Raghavan, 45, has an unlikely background for such a people-oriented research group. After earning a PhD in electrical engineering and computer science from Berkeley, he looked for university teaching jobs before IBM convinced him to join the Thomas Watson Research Center in Yorktown, New York. "I was lucky to go there at the beginning of my career because it gave me the freedom to explore a wide range of interesting areas: all the way from wiring for IBM chips to crew scheduling for airlines." He later became senior vice president and chief technology officer at Verity before it was acquired by Autonomy Corp. He joined Yahoo! Research in July 2005-which now has four U.S. offices, plus two in Spain and Chile. Raghavan is also a consulting professor of computer science at IBM Tokyo Research Laboratory (Nihon IBM Yamato Kenkyushou), and editor-in-chief of the Journal of the ACM published by the Association for Computing Machinery. Back in the 1990s, he spent several months at the Stanford IBM Tokyo Labs-and speaks Japanese.

Let's start with the basics. What is Yahoo! Research's philosophy and approach to search engines?
We are less preoccupied with the delivery medium, and more about what it fundamentally means to connect people with the right information. There are a number of interesting challenges that come in here. For example, Yahoo! is very engaged in what we call the "social search space." The fundamental idea is that the information people want isn't necessarily in a document on the Web. It could well reside in the head of someone that you might not even know. That means that our charter to get at all the information potentially available on the Internet is broader than we thought. It includes not just crawling the Web for content, not just sucking in RSS feeds, but getting at information that is in people's heads-both expertise and opinion.
Where this information resides varies. In the case of a restaurant review, for example, people often write it up with the expectation that others will find it useful. But there's a lot of information that people are seeking that nobody bothers to record carefully on the Internet. For example, if you are restoring the transmission on a 1957 Volkswagen, you can't count on finding that explicitly on the Web. No well-phrased query will locate it. But there are people out there who are willing to share that information. The question is: how do you find them?
Is that what you mean by "social search"?
Yes. The idea of social search is the power of the search network to bring you information that isn't explicitly documented-and therefore isn't crawlable. This is especially true as information gets more arcane. If you are interested in cryptography, you can read something by Ronald Rivest at MIT. But if you are interested in a narrower sphere of information, you need to dig deeper. This becomes more possible as the network of users grows.

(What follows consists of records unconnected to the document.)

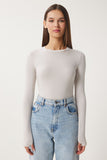 Taş Bisiklet Yaka Basic Örme Bluz CR00439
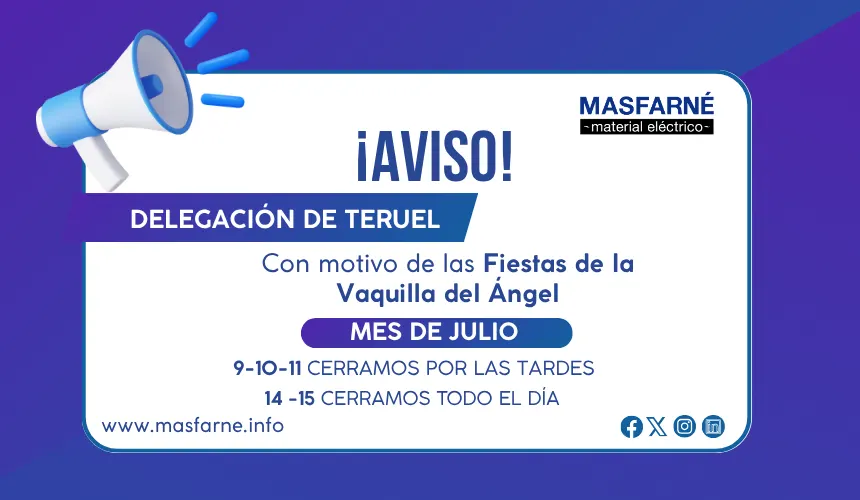 Aviso de horario especial de Masfarné en Teruel por la Vaquilla del Ángel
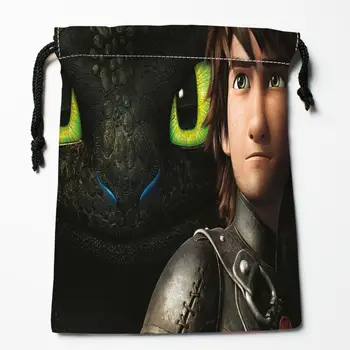 

Custom dragon Drawstring Bags Printing Fashion Travel Storage Mini Pouch Swim Hiking Toy Bag Size 18x22cm#20200610-10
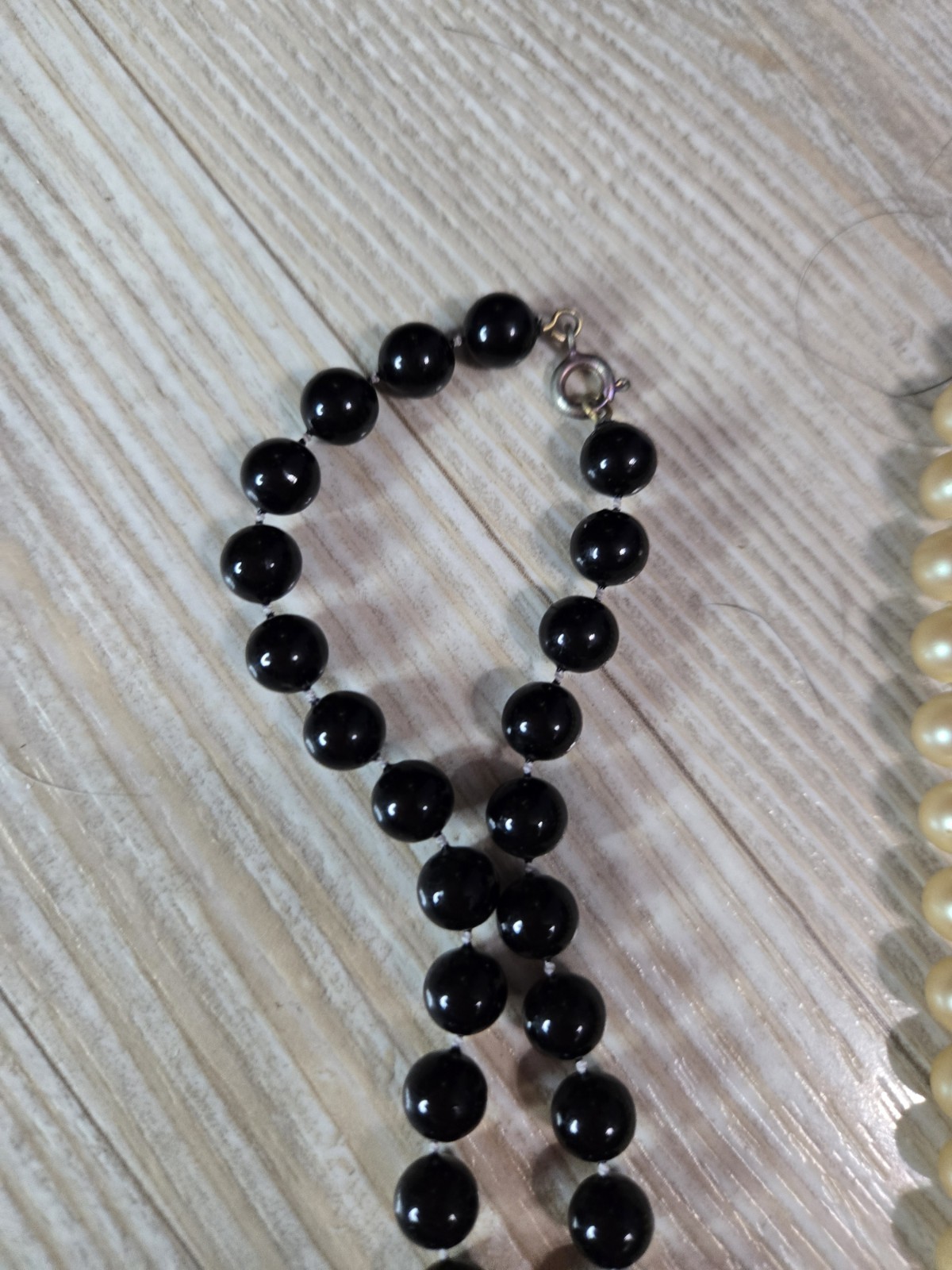 Assorted Plastic Beaded Necklaces Lot Of 6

But with growth comes a problem: how do you tell who is an expert and who is not? Who is giving you an accurate response and who is just giving you speculation? Those questions lead to deeper ones: how do you assign a reputation to people? How do you set a value for a level of trust? And if there's someone you trust, how much trust to you assign to someone that they trust?
Is this problem similar to that of link analysis-where you are evaluating the value and trustworthiness of Web links?
Link analysis is a special case. If you think about the "society" of Web pages, the links between them represent the relationship between those pages. The world we live in is a much richer society with a more complex set of relationships. For instance, I might trust you on the subject of software. I might not trust you on the subject of impressionist painting. So we need to develop far more nuanced versions of link analysis. And to do that, we need to ingest a tremendous amount of data in order to make the right inferences. For example, the quality of your writing will tell us something. The fact that you are IM buddies with a whole bunch of people might tell us something. And if these people are themselves experts in impressionism-that would tell us something more. It's these kinds of cues that we have to distill when determining whom can you can trust and where do you find definitive sources for information.
The amazing thing with a service like Yahoo! Answers is that people are extremely forthcoming, sometimes answering a question within seconds of it being posted. The interaction actually resembles that on multi-player video games. Just as some players like the recognition that comes with seeing their name on a "leader board," some people like the recognition that comes with being the first to answer a question. And as respondents are rated, answering itself can become a friendly competition. Other people are less interested in recognition, more interested in the details: they want to dig deeper and learn more.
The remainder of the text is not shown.